To bridge the profit gap, many three or more bedroom apartments have a luxury label and hefty price tag. But this appeals only to a small percentage of the market.

“Developers have a price point that they can deliver a three-bedroom apartment – and there’s low demand at that price,” Davies said.

“Meanwhile, consumers have a demand for three-bedders, but there’s none at their price point.

“What you’ve got is a market mismatch.

“People want what the developers can’t or won’t deliver, and developers will deliver what people don’t want or can’t afford.”

He believes the ideal solution is to be more prescriptive about the types and cost of dwellings required as part of the housing push.

“It’s a very simplistic argument of ‘you build more supply, the price will come down’,” he said.

“To an extent, that might happen in some areas, but it’s going to be locationally variable.

“We need to be much more intentional about where we want new housing to go and what we want it to cost. And if that becomes a starting point, then we need to think about the policy levers that we need to use to make that so.”

Who’s bucking the trend?

While challenges remain, some developers are responding to community needs from multiple market sectors.

Mirvac is a prime example – its new Sydney Harbourside Residences tower is 45 per cent made up of three-bedroom dwellings with spacious floor plans.

Its upcoming Prince & Parade project in Melbourne’s Brunswick will offer a range of one to four-bedroom residences, similar to Mirvac’s High Forest development in Sydney’s Hills District.

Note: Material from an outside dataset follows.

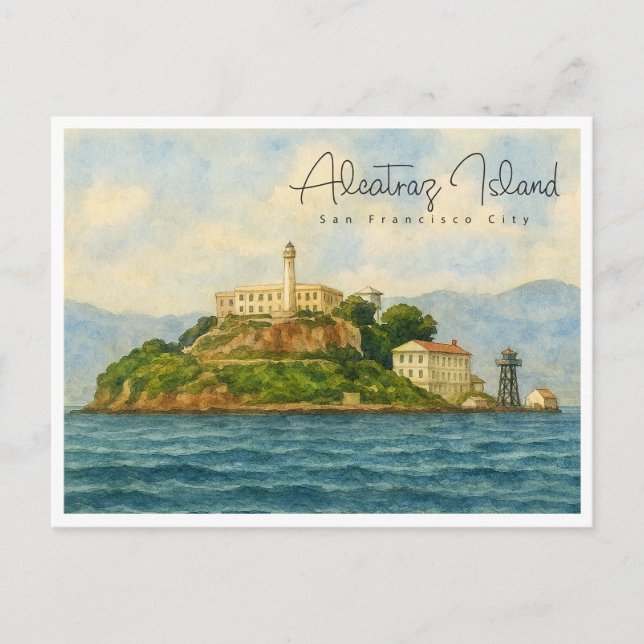 Alcatraz Island – San Francisco Resemål Helg Vykort (Framsida)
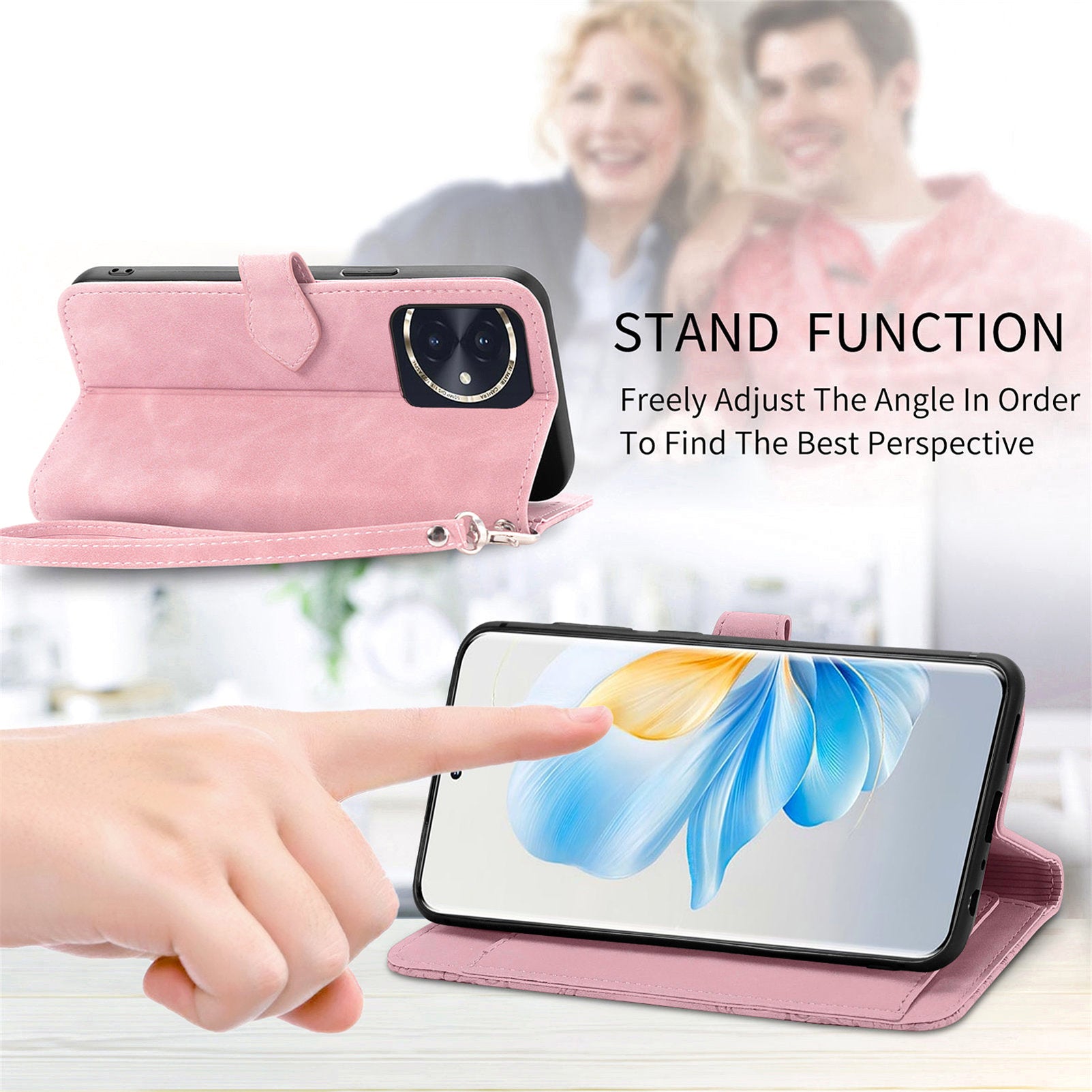 For Honor 100 5G Case Handbag Zipper Pocket Flower Imprinted Leather Phone Cover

While those price points may better suit down-sizers than first-home buyers, developers such as Nightingale Projects do provide sustainable, community-focused and low-cost villages with an array of dwelling types. Among them are its Wilam Ganga project in Melbourne, which has three-bedroom double-storey apartments.

One upcoming project is Nightingale Brompton in South Australia. It is part of the Renewal SA partnership with MAB Corporation to revitalise the 5.8-hectare former Brompton Gasworks site into a hub with a boutique hotel, integrated commercial and retail, employment hub and more than 800 residences.

The lack of larger new apartment stock is a nationwide issue but is felt more acutely in the major cities. However, some areas are making headway.

“Areas that show indications of higher stock [of three or more bedroom apartments] include Melbourne, Perth and regional NSW, as well as some markets in regional South Australia and Western Australia,” Ezzy said.

The Apartments and Developments 2024 report predicts Australia’s apartment market is poised for a year of steady growth.